|Semester and Year||FA 2012|
|Time||6:20 PM - 9:00 PM|
Open to advanced undergraduates with permission of the instructor (email@example.com).
This course begins with the controversial premise that persuasion and propaganda are a necessary part of modern politics. With this approach we reject the simple project of critique and condemnation of propaganda and set for ourselves the far more difficult task of rethinking how one might create methods of mass persuasion that build democracy instead of undermining it and facilitate political discussion instead of closing it down. We begin by exploring the history of rhetoric and persuasion, and defining what we mean by propaganda.
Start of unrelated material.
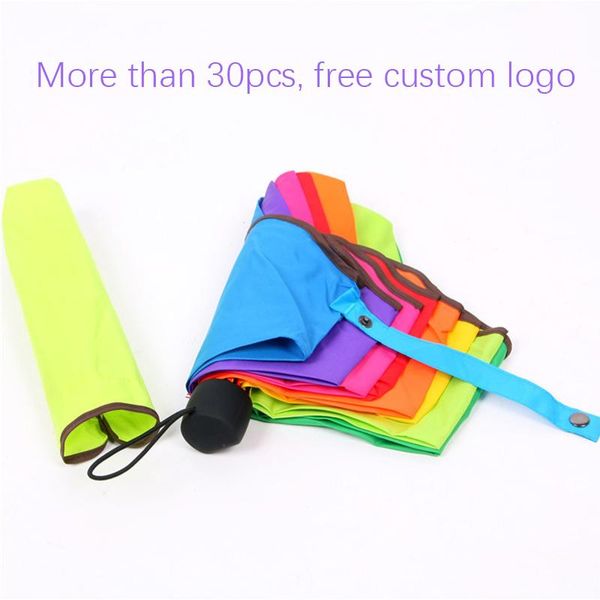 

umbrellas rainbow umbrella windproof waterproof colorful paraguas custom logo printing creative three folding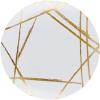 PARTY BARGAINS 7.5″ Brush Strokes Collection Salad Plates, 10 Pack, White Plate/Gold Brush, Disposable Plastic Tableware Plates for Birthday, Parties, Banquet, Formal Events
Next, we will study classic examples of propaganda produced by advertising agencies and totalitarian states. Then, as an extended case study, we will explore how photographs, speeches, architecture, murals, guidebooks and even material projects of the New Deal in the United States might suggest an alternative model of propaganda. Finally, we will use what we have learned to sketch out a set of principles for democratic mass persuasion. Authors, artists, and sites we will look at include Plato, Aristotle, Susan Sontag, Stuart Ewen, Walter Lippmann, Lizabeth Cohen, Michael Denning, Michael Schudson, Lawrence Levine, Alan Trachtenberg, Leni Riefenstahl, Joseph Goebbels, Edward Bernays, Lewis Hine, Dorothea Lange, Pare Lorentz, Woody Guthrie, Franklin Delano Roosevelt, the Timberline Lodge, Bonneville Dam, and Coit Tower.